_EXERCISE REQUIREMENTS_
Using the records that follow, copy every line containing the word "Compatible".

Brief descriptive captions
**********
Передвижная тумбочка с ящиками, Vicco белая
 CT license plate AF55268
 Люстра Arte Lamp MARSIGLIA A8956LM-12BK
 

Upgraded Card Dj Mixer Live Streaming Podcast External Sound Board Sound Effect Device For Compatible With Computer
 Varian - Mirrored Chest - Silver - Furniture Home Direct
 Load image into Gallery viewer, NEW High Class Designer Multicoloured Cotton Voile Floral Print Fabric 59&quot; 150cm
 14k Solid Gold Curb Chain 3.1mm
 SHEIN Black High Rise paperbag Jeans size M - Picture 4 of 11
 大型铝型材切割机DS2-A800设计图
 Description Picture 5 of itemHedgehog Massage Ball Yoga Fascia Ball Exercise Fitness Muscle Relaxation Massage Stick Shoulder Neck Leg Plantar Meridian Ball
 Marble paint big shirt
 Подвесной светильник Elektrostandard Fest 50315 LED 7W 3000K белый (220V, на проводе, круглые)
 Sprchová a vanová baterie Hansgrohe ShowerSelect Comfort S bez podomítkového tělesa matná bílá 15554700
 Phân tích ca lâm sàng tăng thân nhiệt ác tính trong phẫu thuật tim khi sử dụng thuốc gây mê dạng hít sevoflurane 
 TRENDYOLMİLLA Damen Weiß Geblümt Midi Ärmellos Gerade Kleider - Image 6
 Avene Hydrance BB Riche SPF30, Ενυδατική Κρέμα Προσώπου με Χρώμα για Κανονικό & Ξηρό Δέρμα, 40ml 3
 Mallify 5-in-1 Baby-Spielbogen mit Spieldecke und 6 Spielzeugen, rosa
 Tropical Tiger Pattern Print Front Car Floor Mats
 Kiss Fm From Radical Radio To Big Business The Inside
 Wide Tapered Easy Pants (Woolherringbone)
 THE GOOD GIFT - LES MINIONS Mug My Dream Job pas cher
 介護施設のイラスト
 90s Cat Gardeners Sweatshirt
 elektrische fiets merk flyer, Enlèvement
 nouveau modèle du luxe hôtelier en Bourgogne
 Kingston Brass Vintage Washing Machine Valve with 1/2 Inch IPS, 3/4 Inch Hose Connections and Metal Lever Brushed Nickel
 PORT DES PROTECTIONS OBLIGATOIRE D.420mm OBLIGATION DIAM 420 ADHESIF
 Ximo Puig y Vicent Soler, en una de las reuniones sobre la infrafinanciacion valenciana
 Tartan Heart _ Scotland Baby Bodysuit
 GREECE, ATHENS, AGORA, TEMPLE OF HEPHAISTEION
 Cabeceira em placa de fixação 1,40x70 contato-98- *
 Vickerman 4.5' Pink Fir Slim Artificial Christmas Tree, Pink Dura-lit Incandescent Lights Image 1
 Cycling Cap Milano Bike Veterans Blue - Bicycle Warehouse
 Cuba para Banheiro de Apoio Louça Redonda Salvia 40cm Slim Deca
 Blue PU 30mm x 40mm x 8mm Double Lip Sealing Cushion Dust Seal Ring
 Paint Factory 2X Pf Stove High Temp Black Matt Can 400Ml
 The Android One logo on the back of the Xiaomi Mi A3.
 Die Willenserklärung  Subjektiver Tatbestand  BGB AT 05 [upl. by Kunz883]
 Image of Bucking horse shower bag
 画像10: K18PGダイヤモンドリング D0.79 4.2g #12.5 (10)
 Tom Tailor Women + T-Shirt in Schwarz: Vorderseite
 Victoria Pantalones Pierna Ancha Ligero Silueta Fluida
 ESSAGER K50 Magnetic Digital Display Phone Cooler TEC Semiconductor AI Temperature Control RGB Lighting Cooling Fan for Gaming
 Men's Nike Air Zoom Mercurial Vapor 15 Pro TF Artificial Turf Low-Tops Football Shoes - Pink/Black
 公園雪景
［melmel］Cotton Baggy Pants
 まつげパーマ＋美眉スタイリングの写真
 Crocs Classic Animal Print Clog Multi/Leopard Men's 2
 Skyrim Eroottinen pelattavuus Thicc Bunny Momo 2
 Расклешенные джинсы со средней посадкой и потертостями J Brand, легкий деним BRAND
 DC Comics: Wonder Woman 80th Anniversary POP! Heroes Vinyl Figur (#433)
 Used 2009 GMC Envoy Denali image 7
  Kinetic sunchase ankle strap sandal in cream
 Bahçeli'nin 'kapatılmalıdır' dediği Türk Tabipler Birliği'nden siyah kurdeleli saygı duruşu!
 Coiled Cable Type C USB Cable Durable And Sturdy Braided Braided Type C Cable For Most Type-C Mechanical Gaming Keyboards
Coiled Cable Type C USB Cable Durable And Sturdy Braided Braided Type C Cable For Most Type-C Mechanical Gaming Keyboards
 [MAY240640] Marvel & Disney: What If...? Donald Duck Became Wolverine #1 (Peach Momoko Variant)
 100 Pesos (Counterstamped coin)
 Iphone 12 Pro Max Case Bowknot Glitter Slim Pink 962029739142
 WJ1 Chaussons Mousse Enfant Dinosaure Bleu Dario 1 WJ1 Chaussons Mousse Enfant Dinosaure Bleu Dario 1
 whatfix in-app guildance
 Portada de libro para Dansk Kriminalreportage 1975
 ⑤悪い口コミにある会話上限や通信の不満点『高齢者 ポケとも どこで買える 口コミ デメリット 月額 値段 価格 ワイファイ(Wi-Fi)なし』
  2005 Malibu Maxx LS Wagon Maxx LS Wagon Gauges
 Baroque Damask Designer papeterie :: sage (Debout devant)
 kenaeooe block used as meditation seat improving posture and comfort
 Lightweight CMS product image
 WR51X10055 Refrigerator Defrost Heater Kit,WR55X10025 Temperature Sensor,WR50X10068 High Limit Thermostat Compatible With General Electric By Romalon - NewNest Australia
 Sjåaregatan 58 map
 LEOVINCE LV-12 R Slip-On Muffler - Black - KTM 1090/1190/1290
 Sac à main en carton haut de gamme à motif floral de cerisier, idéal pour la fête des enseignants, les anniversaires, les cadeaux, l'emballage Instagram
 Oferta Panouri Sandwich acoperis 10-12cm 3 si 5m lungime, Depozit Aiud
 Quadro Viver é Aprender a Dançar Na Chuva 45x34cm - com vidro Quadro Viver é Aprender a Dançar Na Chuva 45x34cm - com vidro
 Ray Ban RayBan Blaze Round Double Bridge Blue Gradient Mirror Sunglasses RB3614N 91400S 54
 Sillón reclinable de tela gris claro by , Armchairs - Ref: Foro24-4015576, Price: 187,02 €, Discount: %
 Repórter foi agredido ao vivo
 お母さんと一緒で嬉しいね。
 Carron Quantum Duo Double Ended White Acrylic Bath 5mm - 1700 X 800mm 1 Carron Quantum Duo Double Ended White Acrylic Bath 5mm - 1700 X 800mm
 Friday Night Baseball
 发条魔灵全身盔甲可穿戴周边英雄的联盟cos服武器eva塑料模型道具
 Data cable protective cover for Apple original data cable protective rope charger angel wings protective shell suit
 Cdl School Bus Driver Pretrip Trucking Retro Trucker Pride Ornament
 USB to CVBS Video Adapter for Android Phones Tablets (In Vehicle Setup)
**********
_TASK OUTPUT_
Upgraded Card Dj Mixer Live Streaming Podcast External Sound Board Sound Effect Device For Compatible With Computer
 WR51X10055 Refrigerator Defrost Heater Kit,WR55X10025 Temperature Sensor,WR50X10068 High Limit Thermostat Compatible With General Electric By Romalon - NewNest Australia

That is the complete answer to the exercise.